◆ YOUR ASSIGNMENT:
In the entries below, begin at the line with "Mounted Giclée Prints" and stop after the line with "Mini-Galerie Peppa Pig Park Günzburg Foto 10"; output those lines exactly and omit the pictures.

◆ INFORMATION SUPPLIED:
- - - -

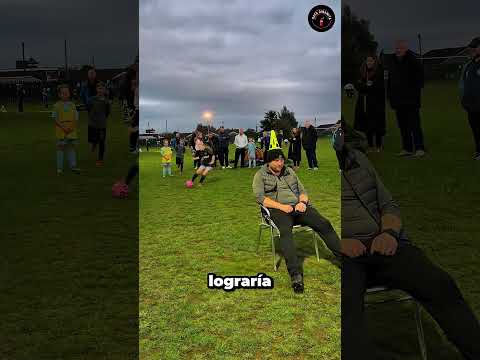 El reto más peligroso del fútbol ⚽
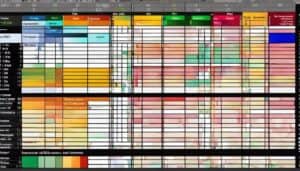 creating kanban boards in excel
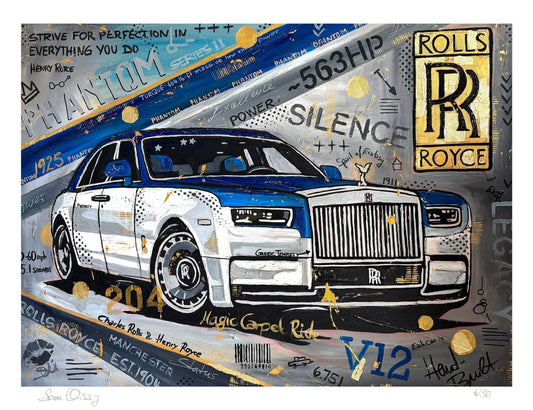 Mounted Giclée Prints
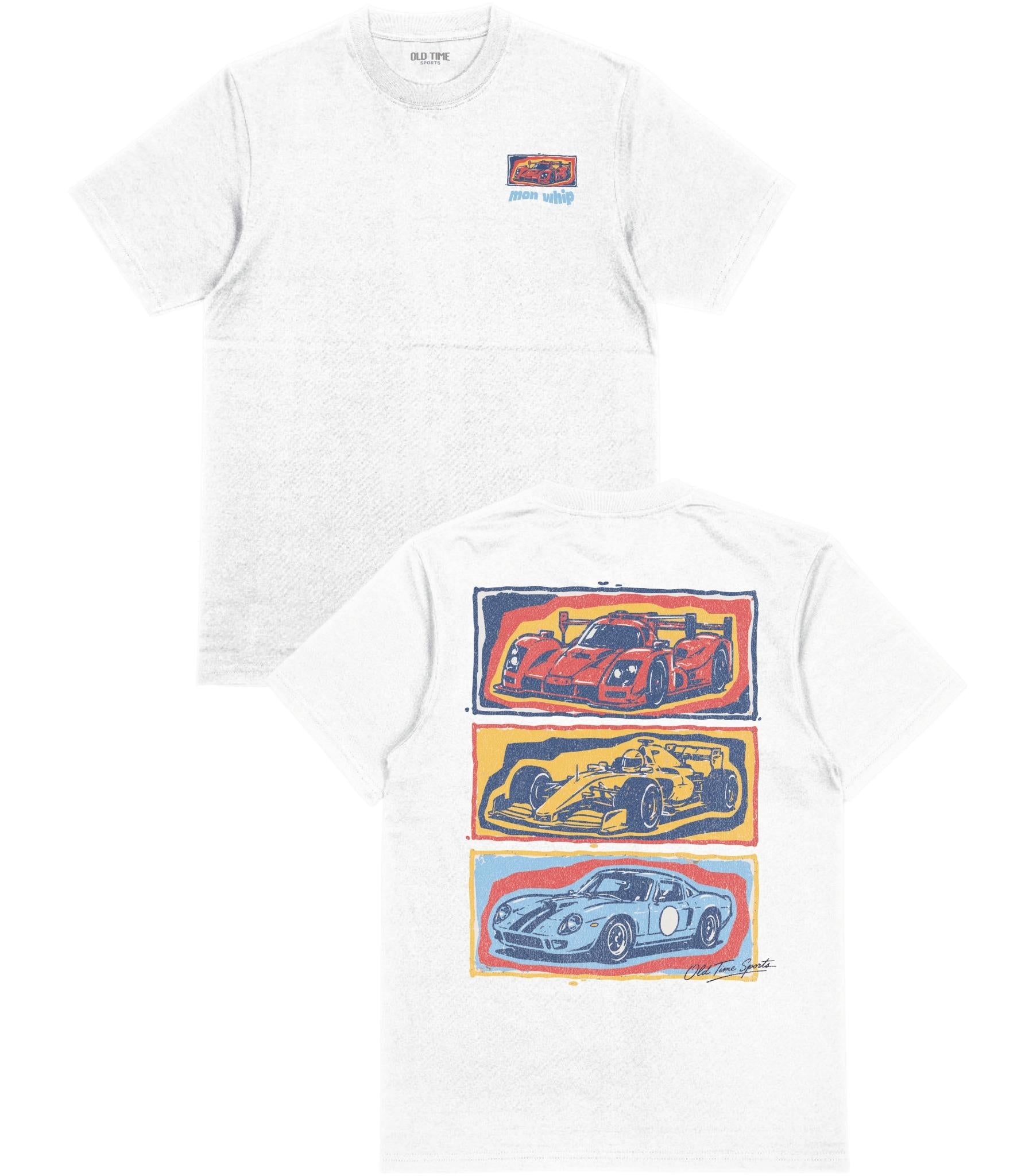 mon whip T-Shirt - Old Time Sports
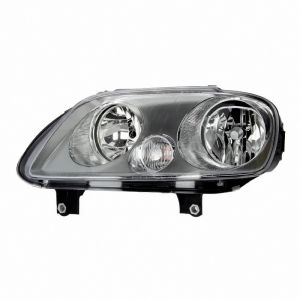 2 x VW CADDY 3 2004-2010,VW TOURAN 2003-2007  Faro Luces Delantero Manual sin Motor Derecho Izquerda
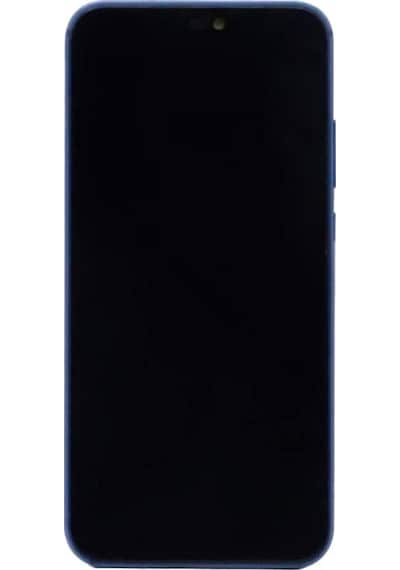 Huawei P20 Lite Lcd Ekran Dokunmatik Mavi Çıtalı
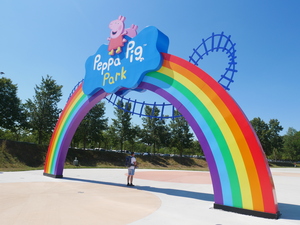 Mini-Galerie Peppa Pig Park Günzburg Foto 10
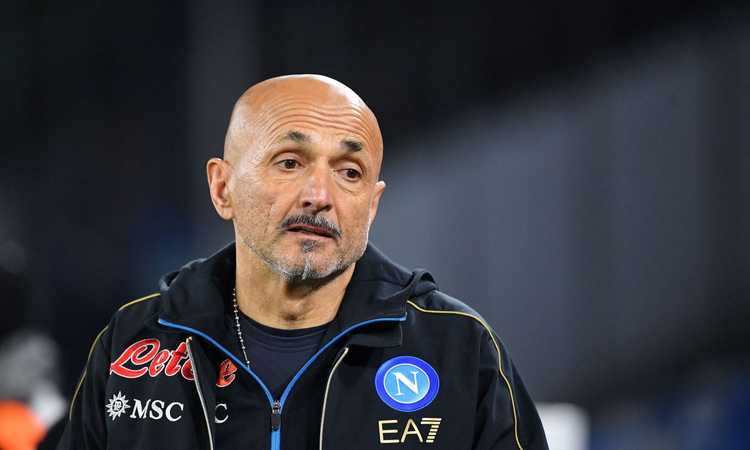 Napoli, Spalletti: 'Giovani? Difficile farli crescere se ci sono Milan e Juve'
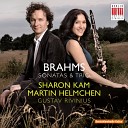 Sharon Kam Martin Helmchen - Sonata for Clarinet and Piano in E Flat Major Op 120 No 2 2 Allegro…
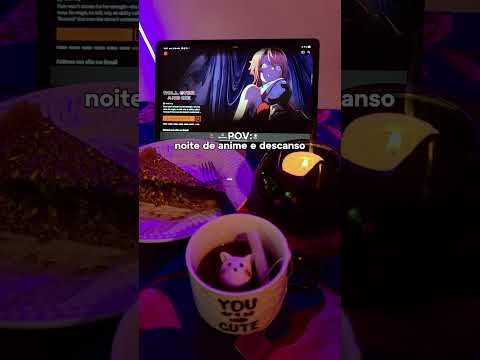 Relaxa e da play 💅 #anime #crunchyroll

- - - -

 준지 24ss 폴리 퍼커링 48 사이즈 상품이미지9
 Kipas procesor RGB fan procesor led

- - - -

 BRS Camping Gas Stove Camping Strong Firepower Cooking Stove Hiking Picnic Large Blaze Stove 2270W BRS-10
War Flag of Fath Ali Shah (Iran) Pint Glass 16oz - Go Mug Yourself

- - - -

◆ SOLUTION FOR THIS PROBLEM:
 Mounted Giclée Prints
 mon whip T-Shirt - Old Time Sports
 2 x VW CADDY 3 2004-2010,VW TOURAN 2003-2007  Faro Luces Delantero Manual sin Motor Derecho Izquerda
 Huawei P20 Lite Lcd Ekran Dokunmatik Mavi Çıtalı
 Mini-Galerie Peppa Pig Park Günzburg Foto 10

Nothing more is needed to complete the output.